= What the task requires =
A faithful copy is needed of the lines below from the one with "Honda Civic 1.4" up to and including the one with "Building Photo - 7224 S St Lawrence Ave"; set it down with no pictures and no other lines.

= Data for processing =
* * *
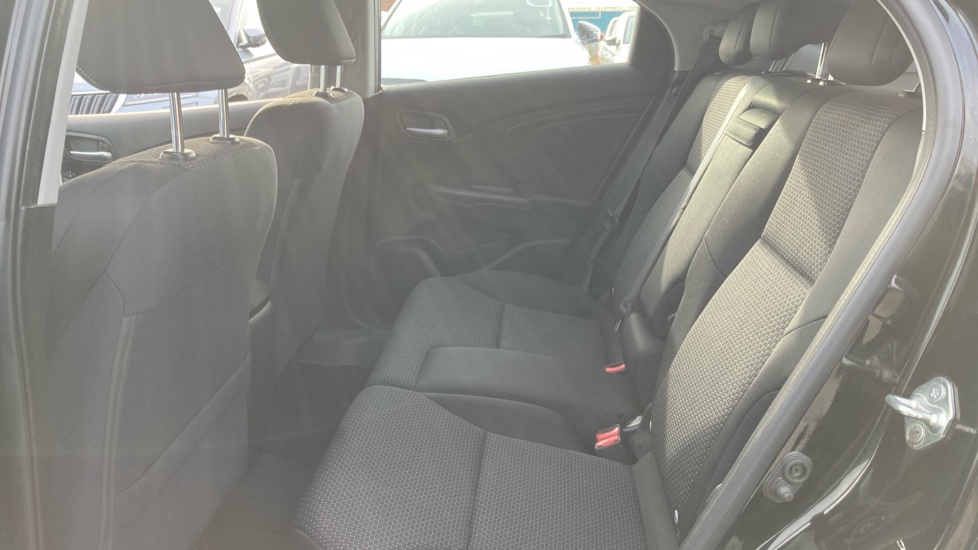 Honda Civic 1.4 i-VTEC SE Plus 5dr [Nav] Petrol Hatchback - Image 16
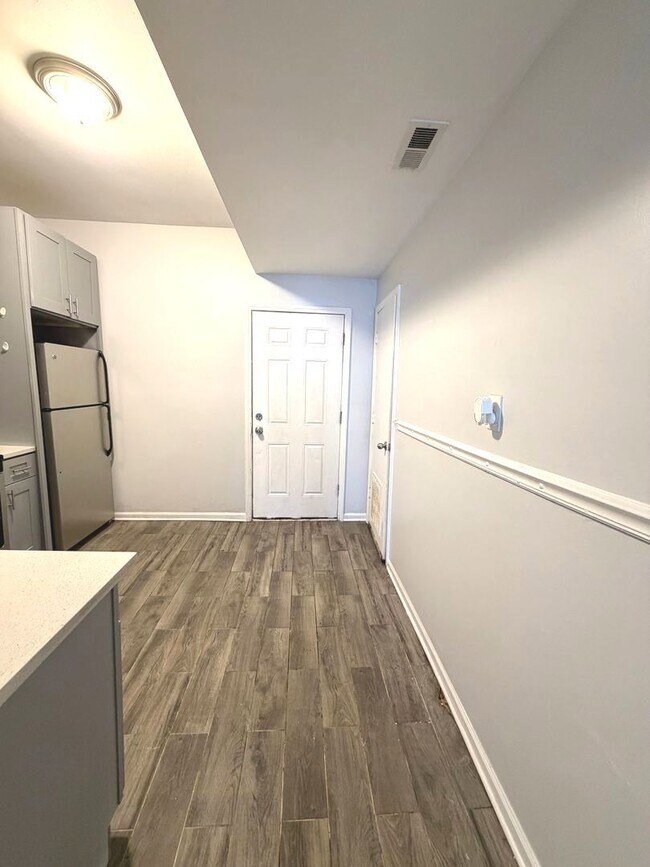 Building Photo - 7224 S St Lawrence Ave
* * *
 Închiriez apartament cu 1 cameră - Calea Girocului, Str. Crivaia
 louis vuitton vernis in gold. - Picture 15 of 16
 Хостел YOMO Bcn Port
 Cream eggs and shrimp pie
* * *
= Written answer =
 Honda Civic 1.4 i-VTEC SE Plus 5dr [Nav] Petrol Hatchback - Image 16
 Building Photo - 7224 S St Lawrence Ave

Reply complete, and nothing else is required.